Der Beschwerdeführer hat dem Bund Aufwendungen in der Höhe von EUR 381,90 binnen zwei Wochen bei sonstiger Exekution zu ersetzen.
Begründung
Dem Beschwerdeführer wurden im Verfahren 32 Cg 37/00k des Landesgerichtes Linz Pauschalgebühren in Höhe von EUR 57.649,91 vorgeschrieben. Nach teilweiser Entrichtung im Rahmen einer Ratenzahlung hafteten zum 30. September 2003 restliche Pauschalgebühren in Höhe von EUR 33.667,92 unberichtigt aus.

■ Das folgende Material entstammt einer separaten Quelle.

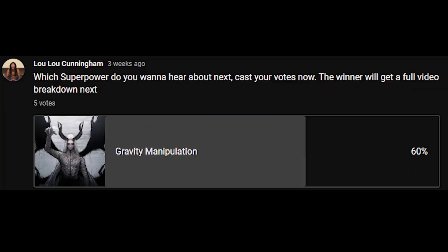And today we're going to talk about it. What's up, hello, and welcome. My name is Luke, and I love to talk about superpowers. In today's video, we're going to be talking about a power voted on by you guys — that power being gravity manipulation.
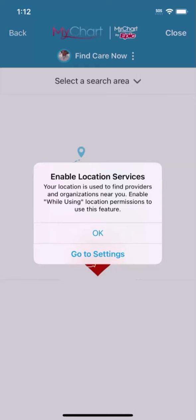You may be asked to enable location services so you can see the nearest urgent care relative to your current location. Select OK.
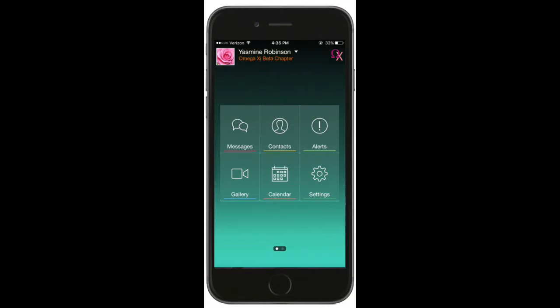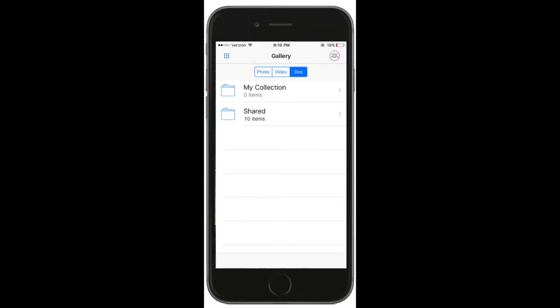To share a document, select the gallery tile. Next, select Doc.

Mit Schreiben vom 23. Oktober 2003 ersuchte der Beschwerdeführer, diesen Betrag nachzulassen und führte dazu im Wesentlichen aus, das Verfahren 32 Cg 37/00k sei mittlerweile aus Kostengründen eingestellt und mit der Gegenseite ewiges Ruhen vereinbart worden. Die Eintreibung der restlich aushaftenden Pauschalgebühr würde zu unzumutbaren Härten für den mittlerweile 57 Jahre alten und in Kürze in Pension gehenden Beschwerdeführer führen. Das Finanzamt Freistadt habe entsprechende Nachlässe gewährt und dem ursprünglich auch für die Pauschalgebühren angebotenen 17 %igen Ausgleich zugestimmt. Auch alle anderen Gläubiger hätten sich zu einem Nachlass bereit erklärt, um eine unnotwendige und existenzzerstörende Insolvenz des Beschwerdeführers zu vermeiden. Die in einer eidesstättigen Erklärung vom 24. Juni 2001 angeführten Verbindlichkeiten hätten durch die Leistung der vereinbarten Abschlagszahlung zurückgeführt werden können. Die grundbücherlich sichergestellten Bankkredite müssten jedoch zur Gänze zurückbezahlt werden. Insgesamt habe sich die Einkommenssituation des Beschwerdeführers nicht verändert.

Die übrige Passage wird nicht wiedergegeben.